General Discussion
Showing Original Post only (View all)America without Landlords: A more in-depth discussion. [View all]
In an earlier post, I raised the general theoretical question of what would happen if owners of real estate could only buy or sell (or use it themselves) rather than renting out and being landlords. The fact of how horrifyingly one-sided, exploitive, and artificially price-inflated tenant/landlord business relationships tend to be is painfully obvious, and the massive power imbalance between tenants and landlords (even in areas with relatively strong tenant activism) is something our society has yet to address on a fundamental level.
So I would like to summarize the main objections that have been raised to banning landlordism in the very large number of comments the original post received. Although I answered a number of them, they were repeated so often that it became a chore to answer the same objections over and over, so here is a summary that everyone can consult and comment further on:
1. Big Gubmint!
Don't give a shit. I'm a liberal progressive, and I believe the government's job is to manage the economy for the benefit of society as a whole - which is what it either has been doing or supposed to have been doing since 1933.
If you are against the basic concept of the government regulating business, your opinions are beyond the scope of the topic, and completely outside my interest. If you're against the objective of the idea (greater wealth equality through government policy), then your opinion of whether the idea achieves that objective obviously involves a conflict of interest.
2. Would harm renters.
As explained in the original post, if the only two ways for profit-driven owners to make a profit are using the locations themselves or selling, most would find it more convenient to sell. This would reduce the market price of the real estate considerably, stabilizing only after the property has distributed widely enough that it's primarily being used by the owners (whether for habitation or business) rather than by very wealthy individuals or corporations whose sole function is to passively own and extort rent from users. With a drastically reduced price, far more people who were once forced to rent could afford to buy.
For the rest, we can very easily imagine any number of arrangements whereby groups pool resources, or else laws are changed to allow smaller increments of purchase. But these are details that should be left to specific legislation, and are not realistic objections to the fundamental concept of eliminating rental arrangements. The fact is that you can nitpick and use "Yeah, well, what about such-and-such a special case?!" arguments against laws that already exist and already work just fine.
But here's the most crucial fact: The status quo grievously harms renters. The very existence of the renter/landlord business arrangement - which is typically not voluntary on the part of the renter, but extorted by their circumstances and the market control exerted by current owners - harms renters. The status quo hurts renters, and is bleeding them dry. Bleeding the entire American middle class dry. The problem is vast and drastic, and here is one possible element of a solution to it.

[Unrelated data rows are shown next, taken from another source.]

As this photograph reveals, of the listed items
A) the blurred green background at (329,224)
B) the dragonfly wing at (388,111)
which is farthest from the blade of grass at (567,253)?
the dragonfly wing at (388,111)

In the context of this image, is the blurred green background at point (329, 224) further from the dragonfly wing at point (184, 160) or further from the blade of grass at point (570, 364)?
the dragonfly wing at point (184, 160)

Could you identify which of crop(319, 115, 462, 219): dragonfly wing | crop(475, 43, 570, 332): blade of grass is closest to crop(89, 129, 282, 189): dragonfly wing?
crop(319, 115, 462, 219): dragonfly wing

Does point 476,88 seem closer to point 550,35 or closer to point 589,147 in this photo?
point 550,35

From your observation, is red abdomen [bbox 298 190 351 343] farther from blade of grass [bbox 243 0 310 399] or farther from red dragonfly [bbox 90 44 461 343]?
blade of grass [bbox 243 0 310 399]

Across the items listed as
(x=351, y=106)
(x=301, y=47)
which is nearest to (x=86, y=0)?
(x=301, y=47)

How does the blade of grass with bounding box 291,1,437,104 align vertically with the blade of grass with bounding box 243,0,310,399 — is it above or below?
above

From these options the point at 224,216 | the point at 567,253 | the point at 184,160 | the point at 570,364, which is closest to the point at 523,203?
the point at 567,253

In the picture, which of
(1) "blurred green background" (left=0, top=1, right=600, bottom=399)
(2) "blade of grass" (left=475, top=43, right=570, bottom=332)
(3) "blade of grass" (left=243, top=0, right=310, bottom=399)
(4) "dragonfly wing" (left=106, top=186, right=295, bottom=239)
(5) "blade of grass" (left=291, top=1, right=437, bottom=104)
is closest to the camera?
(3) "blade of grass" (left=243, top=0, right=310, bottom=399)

You can throw in just about any mitigation to specific legislation to deal with timing, gradualism, increments, and other fine policy details, but fundamentally you cannot show why such a system - once fully implemented, with rational mechanisms put in place to address obvious concerns - is a bad idea. Objections become circular, saying that we cannot change because everything is already built around the current system, forgetting that the current system wasn't always the current system either. We have choices to make, and a fact to confront that the status quo is deeply harming us.

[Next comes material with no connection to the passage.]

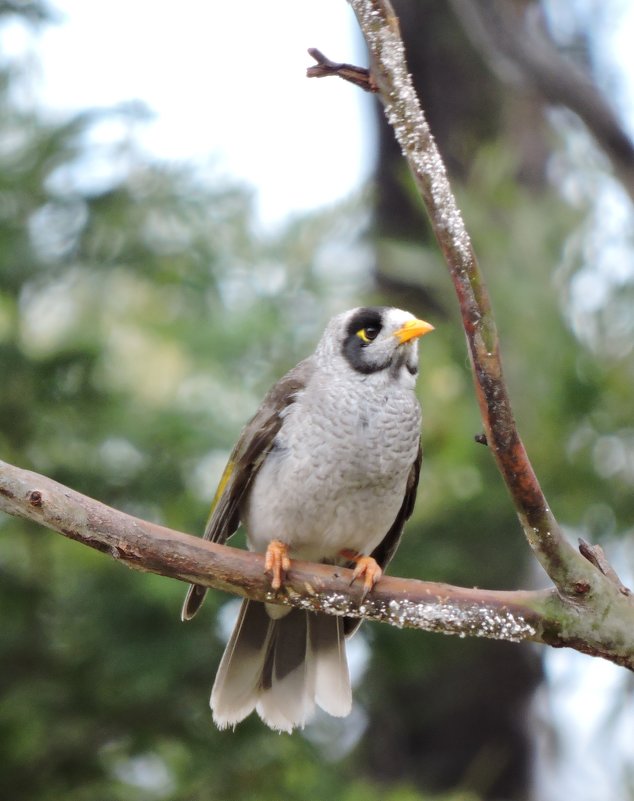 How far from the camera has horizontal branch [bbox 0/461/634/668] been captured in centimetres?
344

3. Would harm current homeowners.
There are a vast panoply of methods we can envision in legislation to deal with that - grandfather clauses, tax credit mitigations of losses, etc. This is, again, a question for specific legislation and not the fundamental idea. Because once the system is in place, and all the costs of transition are dealt with one way or another, there would be far more homeowners (although some would merely own apartments or even single rooms), keeping far more of their income because it's not being extorted by landlords. That is a good end in itself to seek, so the question is merely can legislation be designed that transitions to that without wreaking havoc?

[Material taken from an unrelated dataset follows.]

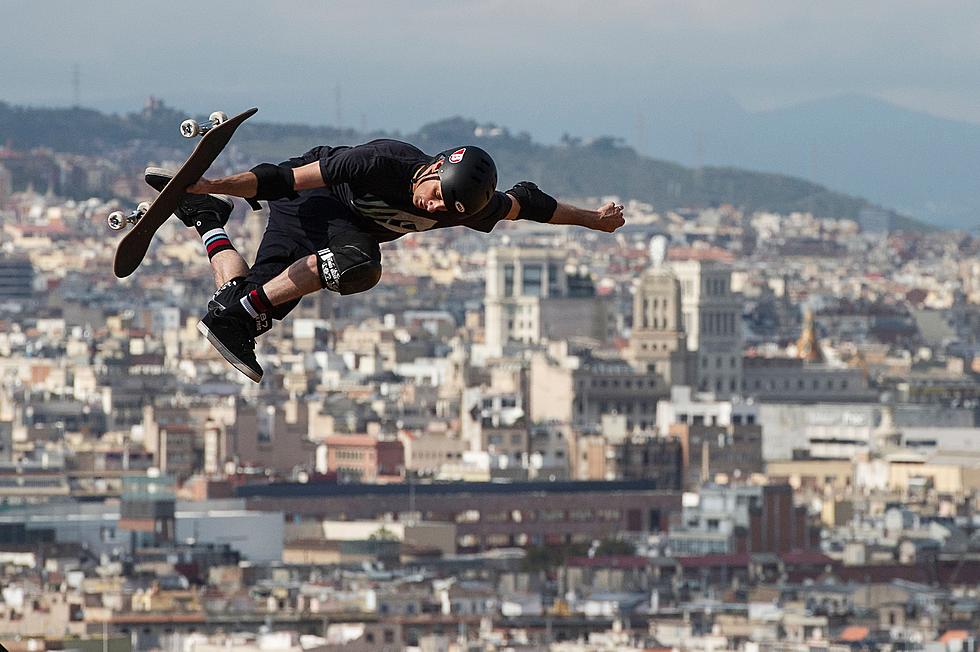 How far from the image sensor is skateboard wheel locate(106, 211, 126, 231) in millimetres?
11328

The answer is obviously yes, if you believe in FDR-style liberal progressive democracy. The changes his administration wrought were far more drastic than this one, since this only concerns one element of one industry, and the parasitic speculative financial organizations that use it to engage in stock market fraud. So, if we are not so brainwashed by decades of conservative dogma into thinking a government can't handle something like this, what's the problem other than fear of change?
4. Would harm local tax revenues based on property value.
People buy property based on their ability to buy it, and that doesn't change just because prices fall. Usually they will buy exactly what they can afford, and if prices fall, they can afford a bigger house. But the total value of the house that person or family buys is the same because their resources to buy it are the same, so they pay the same in property taxes that they did before.
It's fair to say that the money would move around geographically, but that already happens: Some neighborhoods go down, some rise up. Some are blighted, some are gentrified, some cruise along just fine. All economic change does that. And if the argument against a positive change - an increase in general prosperity - is that it disrupts some local economies, that's a completely moot objection. Disruption caused by increasing prosperity is a good problem to have, and one that solves itself by people's ability to contribute to their communities and attract or start businesses increasing.
There is also the fact that people typically take better care of property when it's their own, and communities in general when they feel invested rather than feeling like a second-class citizen because they're not a land-owner.
This country started out being only of, by, and for white land-owning males. We've made a lot of progress on the white and male parts of that exclusionary legacy, but people who don't own real estate are still treated like peasants, extorted, and ignored by politicians. It's time to change that.